The most abundant element, making up over 80% of our universe, hydrogen is truly the building block of our world. Hydrogen consists of one proton and one electron. Highly reactive, it's almost never found in a naturally free state but rather bonded to other elements. Hydrogen is part of water and, therefore, essential to life.
In its free gaseous form, hydrogen is much lighter than air, rising and quickly dissipating when released into the atmosphere. Its high energy-to-weight ratio makes it an ideal spacecraft fuel. Invisible, odourless, and non-toxic, hydrogen is also widely used in the food, metal, glass and chemical industries
The ratio of hydrogen to carbon in the fuels we use has increased over the years along with our increased use of natural gas (as opposed to oil or coal). That's good news for the environment and humankind.
When we burn fossil fuels such as natural gas, the two primary products are carbon dioxide and water. The higher the percentage of hydrogen in a fuel, the less carbon dioxide and more water produced.

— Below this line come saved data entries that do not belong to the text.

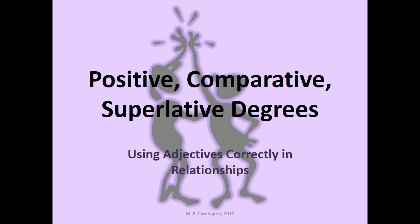Positive, Comparative, Superlative Degrees: Using Adjectives Correctly in Relationships. MB Partington, 2010.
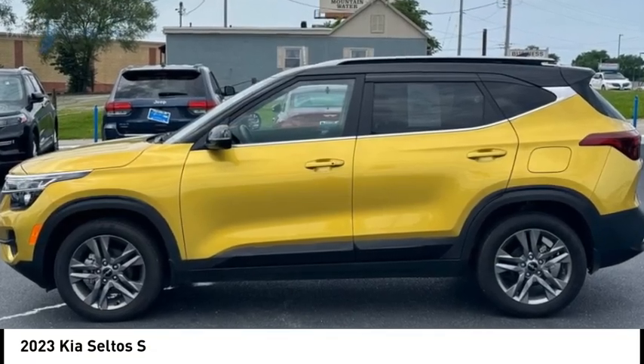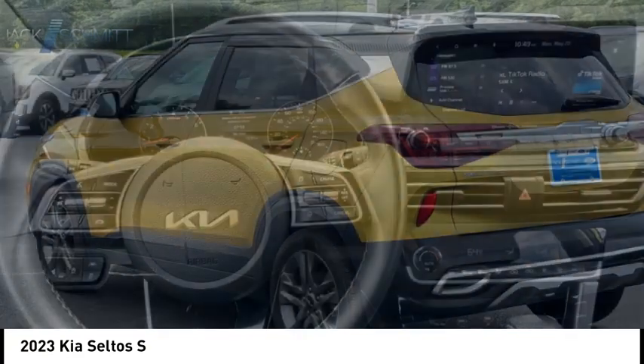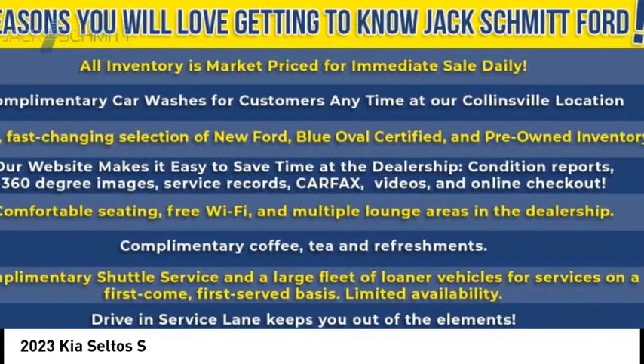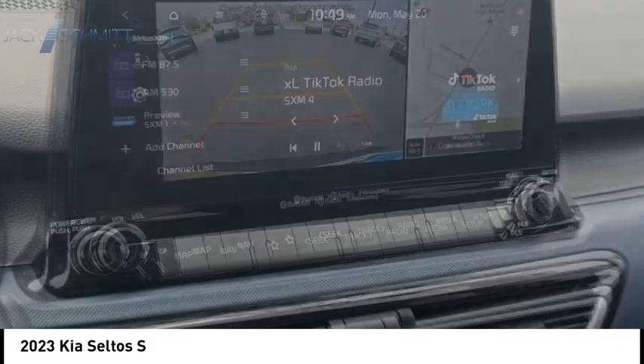We are pleased to show you the 2023 Seltos. The Kia Seltos is sure to stand out with its appealing front end. Additionally, the Seltos offers a robust number of interior features and a large amount of space for a small SUV.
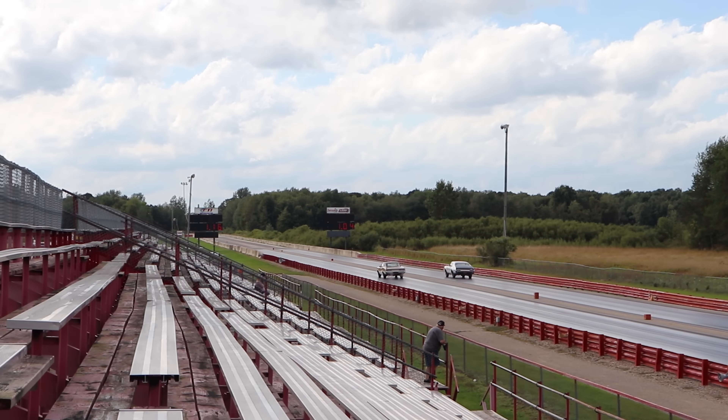And it's the GTO that takes home the win, running 13.68 seconds at 104.13 miles per hour. In the other lane, the Hurst Olds ran 13.95 seconds at 93.83 miles per hour. A huge thanks to the owners for bringing out these cars — it was absolutely awesome seeing them on the drag strip. Catch you guys at the next one.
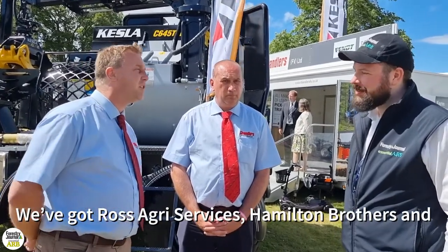We're working here with the local Scottish team — Valtra dealers in the UK. We've got Ross Agri Services, Hamilton Brothers, Alistair Young Engineering, all local Valtra dealers in Scotland, and we're supplying the Kessler through those guys in Scotland.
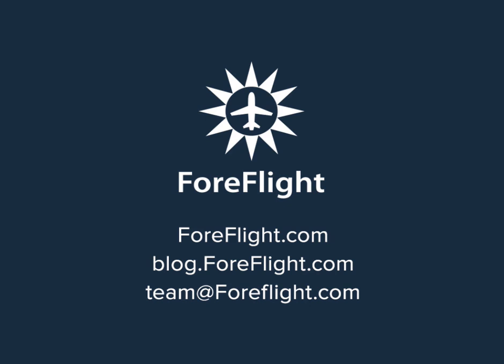For more information, please visit our blog or our website, and as always, send any questions to team@foreflight.com. From all of us here at Team ForeFlight, thank you.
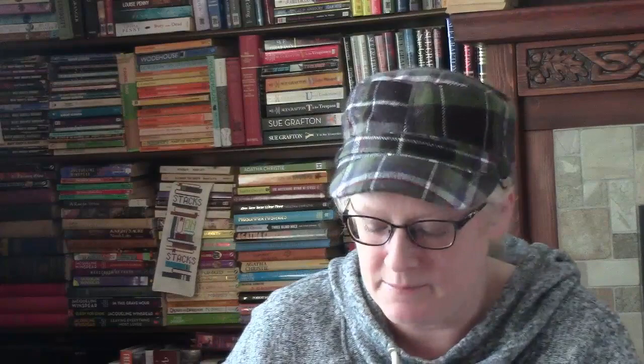And one more: Maj Chaval and Per Val, another husband and wife writing team from Sweden. They were both committed Marxists and between 1965 and 1975 they collaborated on 10 mysteries featuring Martin Beck, a police detective. The first in the series is called Rosanna.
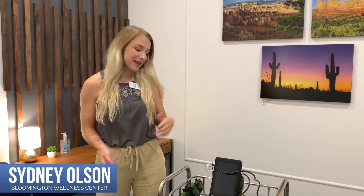Hi everybody, Sydney here at Bloomington Wellness Center. Today I'm here in one of our new treatment rooms to talk with you a little bit about our class 4 laser.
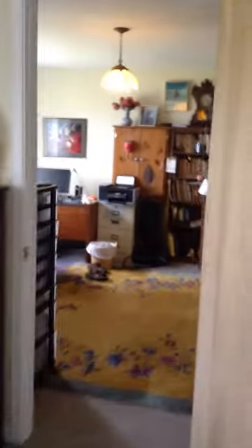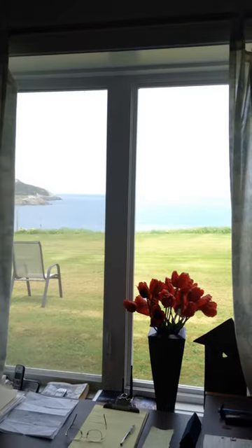Out through here we have a home office, which is fantastic. Lots of space, lots of stuff to use, and again that fantastic view straight out.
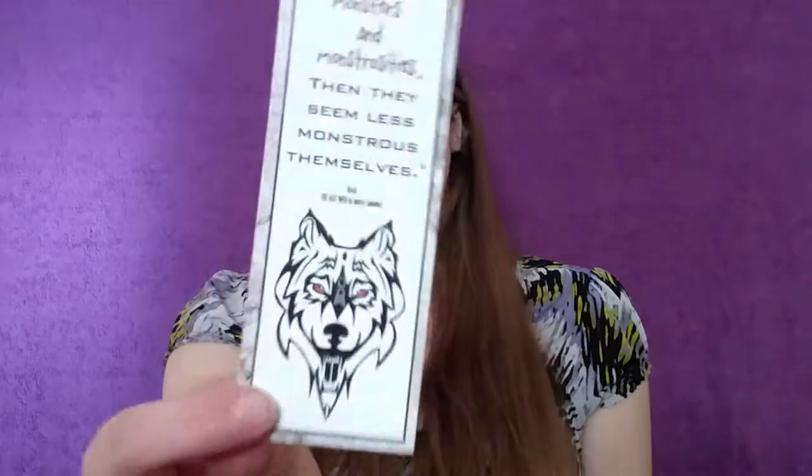Let's see what the bookmark says: 'People like to invent monsters and monstrosities. Then they seem less monstrous themselves.' There's a little wolf on it, which I assume is themed to the book. I'm really excited with this box this month. I think April is probably still my favorite box, but I'm really impressed with this month as well.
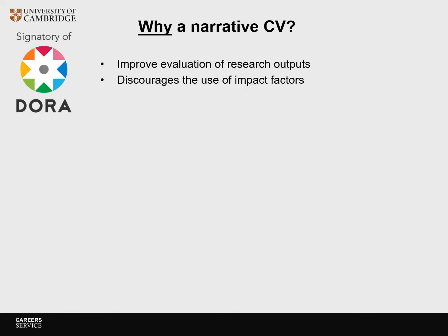Now that we know what a narrative CV is, we can start to explore why it is being introduced. In 2019 the University of Cambridge signed the San Francisco Declaration on Research Assessment, DORA in short. DORA is a framework that recognizes the need to improve the ways in which the outputs of research are evaluated. It discourages the use of impact factors. The use of narrative CVs fits with this drive to change the way we assess research output.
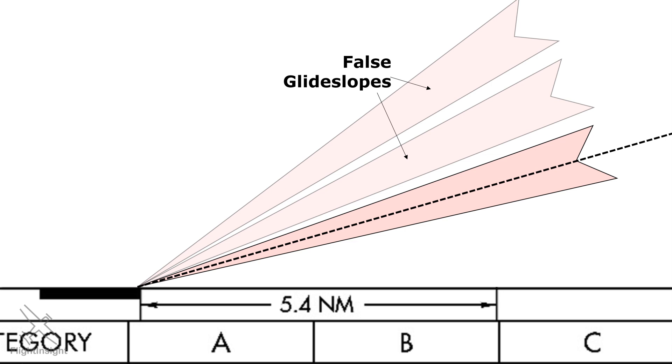Depending on the type of transmitter used, these false glide slopes can either indicate a fly-up or fly-down signal to the pilot. But in all cases, even if you've captured one of these glide slopes, you'll be flying a much steeper rate of descent than is proper for the approach.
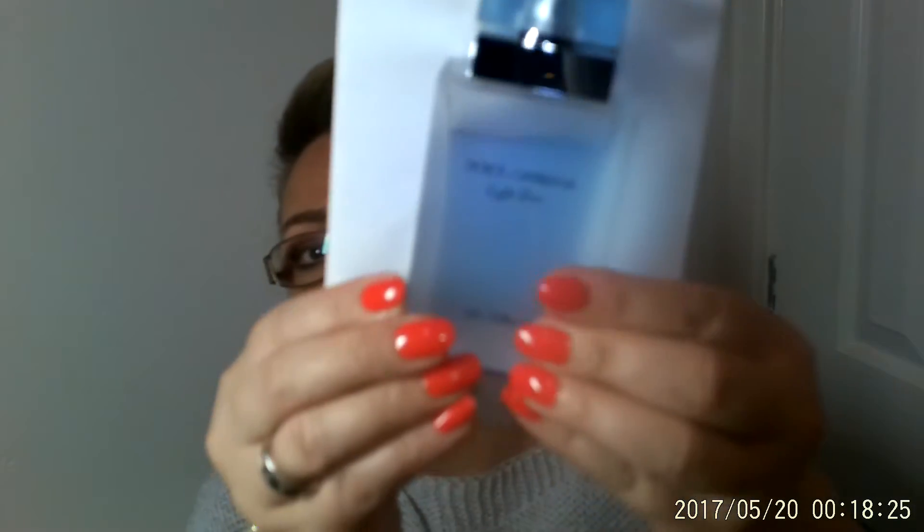The Eau de Toilette is more citrusy. This is the ladies' bottle — very slimline, very elegant, lovely frosty finish with a nice little square lid. I'm popping it against some white paper because the Eau de Toilette is more see-through and clear, where this one is a nice deep blue color.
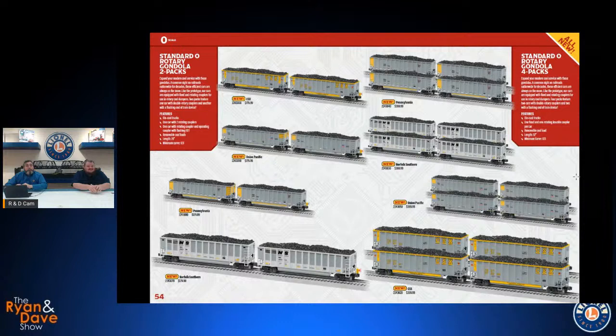Also in our Standard O line we've got the rotary gondolas again in four-packs and two-packs. One twist on the two-packs: you get a double rotary car with rotating couplers at each end, and the second car has a working fret on the end — the alpha and omega of your train. Then you can get the four-packs to fill things in the middle.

As the hydrogen content of our fuels increases, they become cleaner. With supplies of many other fuels diminishing, our reliance on the most abundant element in the universe makes even more sense.
Most scientists and environmentalists agree that hydrogen will be an important energy carrier of tomorrow, along with electricity. Eventually, hydrogen and electricity will be the major energy carriers, used by a greater number of people for a greater number of applications than any fuel in use today.
In the early stages, hydrogen will be produced from natural gas and other fossil fuels. Eventually, it will be produced from a variety of energy sources, including renewable hydro, wind, solar and nuclear power. A pure hydrogen fuel is the natural next step.